Brief
Each line starting at the one that contains "Alexander McQueen pärlarmband" and ending at the one that contains "Womens Solid High" must be returned exactly, and the rest of the listing is left out.

The data
===============
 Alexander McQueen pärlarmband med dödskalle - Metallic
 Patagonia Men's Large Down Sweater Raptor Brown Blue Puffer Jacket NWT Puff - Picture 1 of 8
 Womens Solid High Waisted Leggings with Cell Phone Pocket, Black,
===============
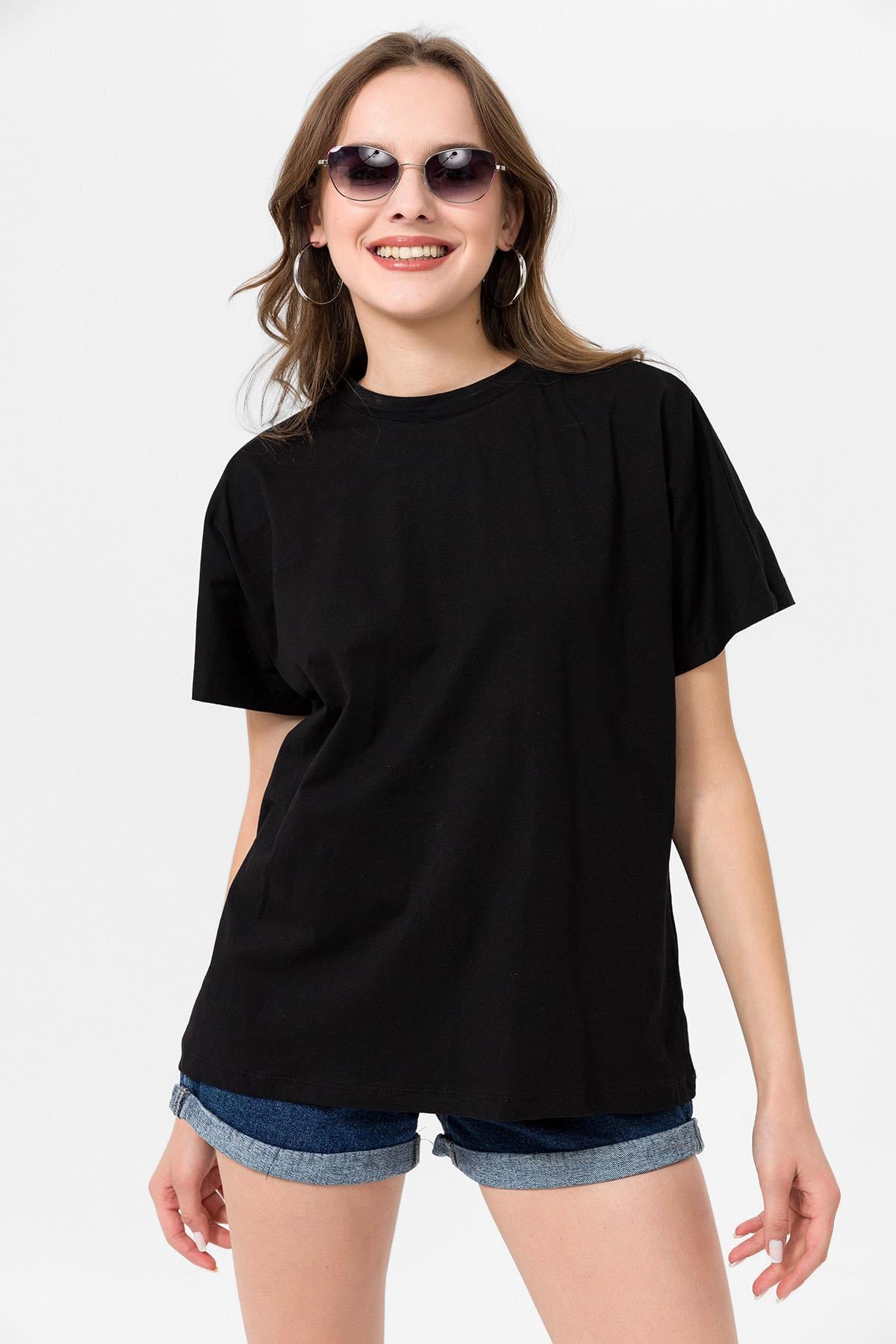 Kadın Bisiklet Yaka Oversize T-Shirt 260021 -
===============
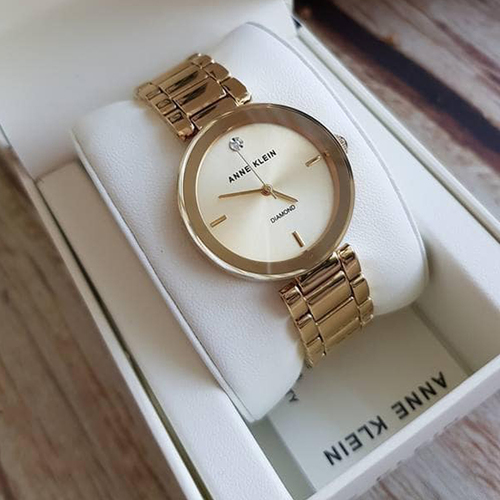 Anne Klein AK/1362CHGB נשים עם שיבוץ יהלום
===============
Reply
 Alexander McQueen pärlarmband med dödskalle - Metallic
 Patagonia Men's Large Down Sweater Raptor Brown Blue Puffer Jacket NWT Puff - Picture 1 of 8
 Womens Solid High Waisted Leggings with Cell Phone Pocket, Black,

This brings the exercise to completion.